1. Hire An Architect, Not A Name
The biggest mistake you can make when hiring an architect is to make your choice based on the architect’s name instead of their work. Every architect has a particular style. Though we have great diversity in our homes at Al Jones Architect, there are common elements – elements that make up my personal sense of design, proportion and style. When I first left A. Hays Town’s firm to start my own, I didn’t have much name recognition – but I did have good work and thankfully clients responded to that. Make your decision based on the architect’s work and whether it fits the style, quality and design you’re looking for.
2. Can You Trust Your Architect?
At some point in the design process you are going to have to simply put your faith and trust in your architect and let go. This is harder for some than others – but it’s part of the process of building a home. Your architect is a professional and it’s vital that you trust them in order to get their best on your behalf. Ultimately, an architect’s job is to interpret your wants with his skill. So not only must you trust your architect, it’s equally important to know that your architect is listening, really listening, to you.
3. Do Contractors & Subs Trust Your Architect?
Long ago, I made sure my sons worked with some of our sub contractors for summer jobs. I wanted them to understand that these folks are good people, highly intelligent, highly skilled and worthy of respect. It’s why, to this day, I make sure to try and learn everyone’s name on a job site. It’s not an exercise in humility for me, it’s because I respect and admire what each of them do – our carpenters, painters and roofers are essential to every job and they are all skilled at their jobs (otherwise our contractors would not use them). In the end, they return that respect and decency and we have a positive and mutually beneficial relationship that ultimately benefits you, the client.
The most valuable referrals you can get are from contractors. They know the real quality and value of architects in the area. Ask around, you’ll get some interesting information that nobody else could ever give you.
4. See The Work First Hand
I can’t stress this enough – a picture may say a thousand words, but a million wouldn’t be enough to accurately portray the true feel of a home. It’s important to review an architect’s portfolio, and photographs can be a great resource for inspiration and ideas. But, there is no replacement for seeing and touching the real thing.

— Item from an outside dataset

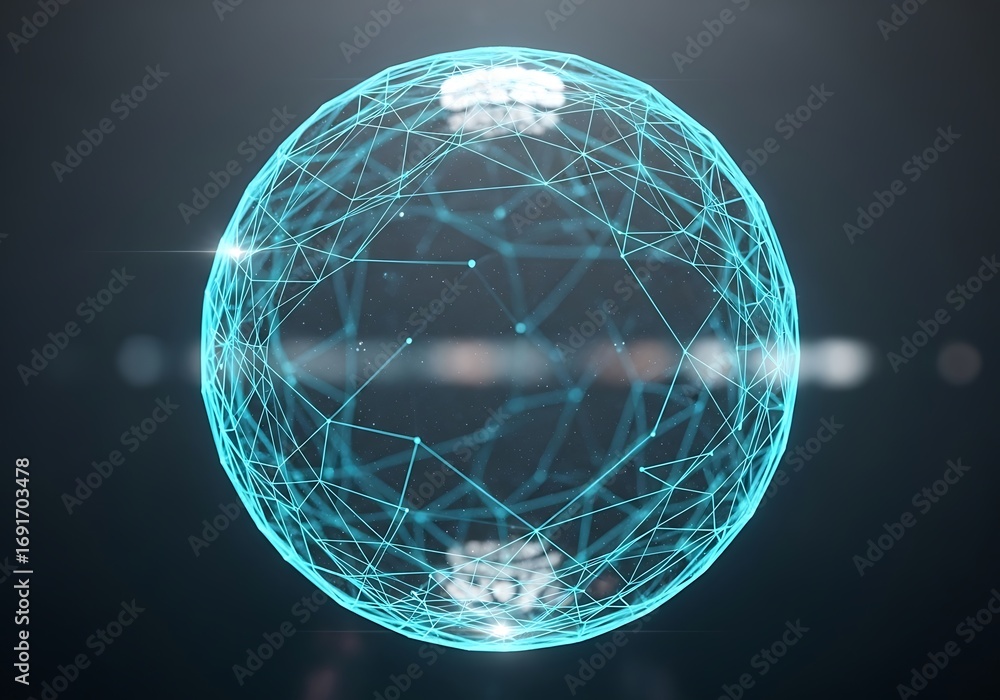 Poster abstract sphere structure network connections represents global technology and connectivity concept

A photograph cannot accurately demonstrate scale and proportion. And these are the most important elements of design! The feel of a home is equally important – the warmth of a bedroom, the way light passes through a pane of glass or the feeling you get when you’re walking across centuries old heart pine floors. A photograph won’t give you that insight. So, before you hire, insist on seeing their work in person.
What to Look for on a Site Visit
It’s what separates good design from great. If an architect emphasizes the beauty and functionality of a door’s hinge, you can be sure they take pride in the bigger picture too. If hinges, hardware and finishes are an after-thought, you should take note.
Quality of construction
Even if you’re not familiar with construction techniques, you can feel the quality of a home. Do the doors close firmly, are there small gaps in the molding, does the floor feel steady? These are all things you can feel that are indicators of the quality of construction. Trust your instinct and ask questions (i.e. – Do you use 2x4s or 2x6s in your wall framing?).
A home is never finished until it is, well, finished. Check the stain on the floors – is it consistent and cohesive throughout the home? Are the crown moldings flush top and bottom? Are the paint and stain colors well thought out for the home and the surrounding environment?
Beyond whether or not the design is attractive to you, is the design proportional? For instance, when you walk into a room, do the doors feel too tall or the windows to short? Does the fireplace get lost in the corner, or is it so big that it dominates the room? When you view the home from the outside, does the scale make sense or does one portion of the home seem out of whack with another? These are indicators that the design is out of proportion and the designer’s sense of scale is off.